Do you have example code for how best to extract the text from the document based on the start and end indexes? Specifically how many characters are new lines? Is that dependent on the operating system used to create the input txt file or operating system used to read in the txt file?
I had trouble extracting the text but then I noticed that newline might be counted as \r\n. Is this true?
However, even with that I am still having trouble accurately extracting the right text.
I’m Ramy from Labelbox Support. I will try to answer your questions below to the best of my ability. To better assist you 1) could you please clarify where is the text coming from? and 2) what is the intention behind extracting this text?
Answers to questions:
Specifically how many characters are new lines?
New line characters are in general denoted as \n which is considered one character.
Is that dependent on the operating system used to create the input txt file or the operating system used to read in the txt file?
The new line character may differ from one operating system to the next, what affects the new line character is the operating system creating the text, not the one reading it. It is generally denoted as \n (for Unix/macOS) or \r(for older macs that run very old versions of mac) or sometimes it is \r\n for windows machines. Source: newline - What are the differences between char literals '\n' and '\r' in Java? - Stack Overflow
I had trouble extracting the text but then I noticed that newline might be counted as \r\n. Is this true?
Yes I believe this may the case if you are using a windows machine.
I hope you found this helpful!
-Ramy, Labelbox Support.
Text was created after using OCR on PDF documents on a windows machine using Python libraries.
Named entity objects were labeled on text documents in LabelBox, the labels were then exported and the objective here is to extract the labeled text.

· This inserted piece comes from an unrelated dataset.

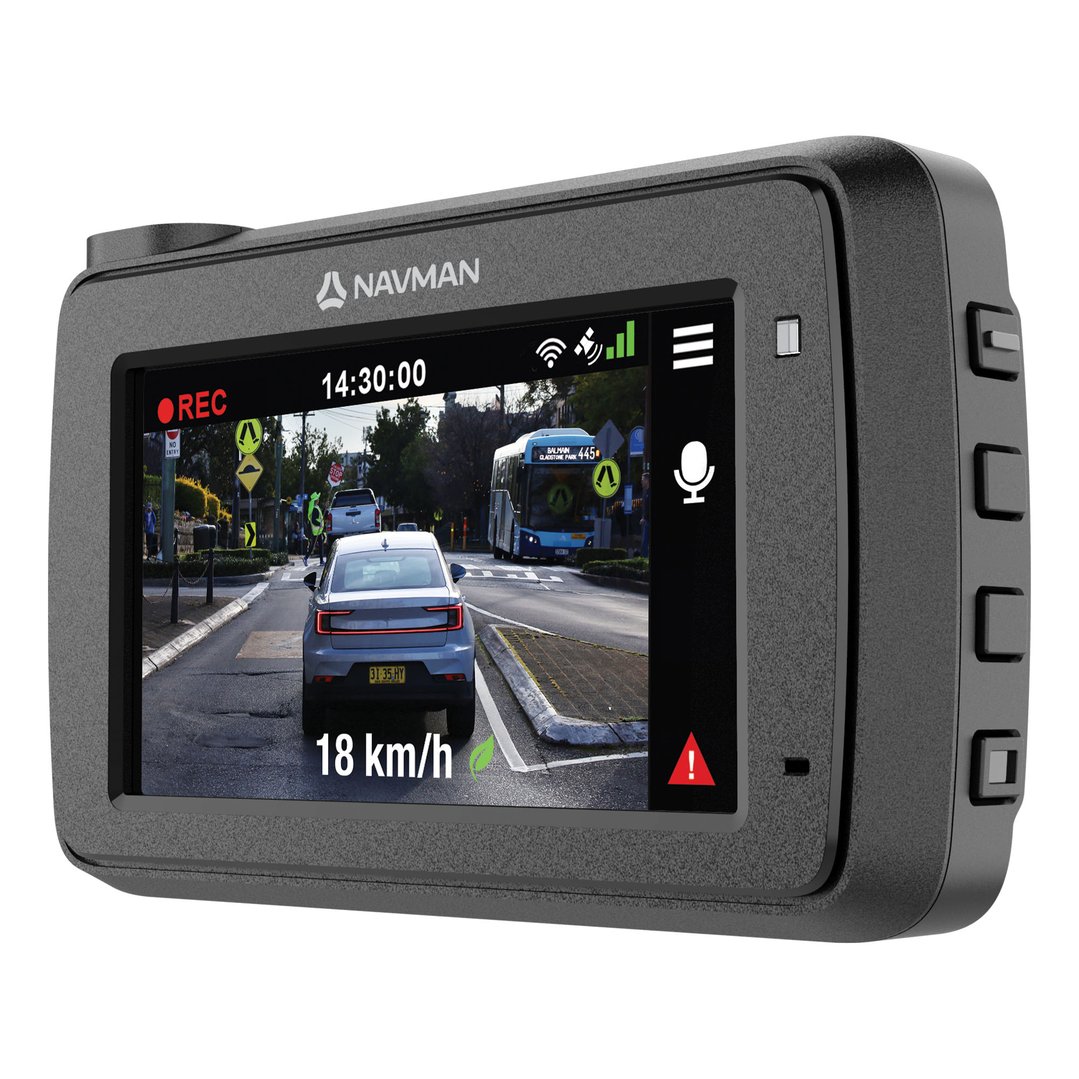 A Navman dash cam displaying a street scene with a car and bus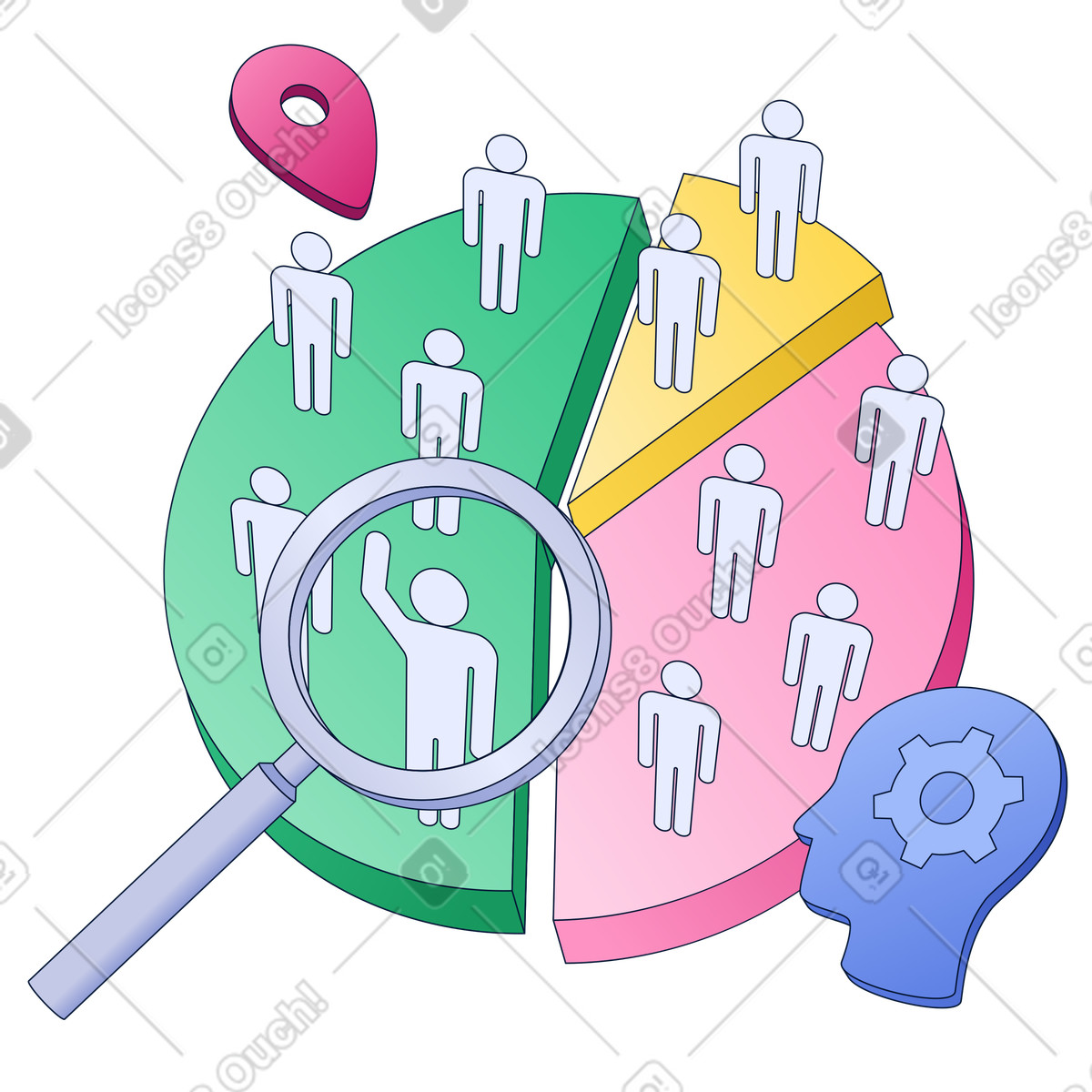 Target Audience Identification, Customer Profiling and Market Research, Finding the Ideal Segment illustration in Neat style download in PNG, SVG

I was able to correctly extract the labels by using the following for my text documents: with open(test_file, 'r', encoding='utf-8', newline="\r\n") as f:
I’m happy you were able to extract the text properly! Please let me know if you have any other questions or please reach out to Labelbox Support and we would be happy to assist you further!
My 2 cents here : as LabelBox is doing the OCR to create the text layer, I think that it could be easier for anyone if the text used by Label Box during the OCR is exported as a single line text and the entities start and end calculated accordingly…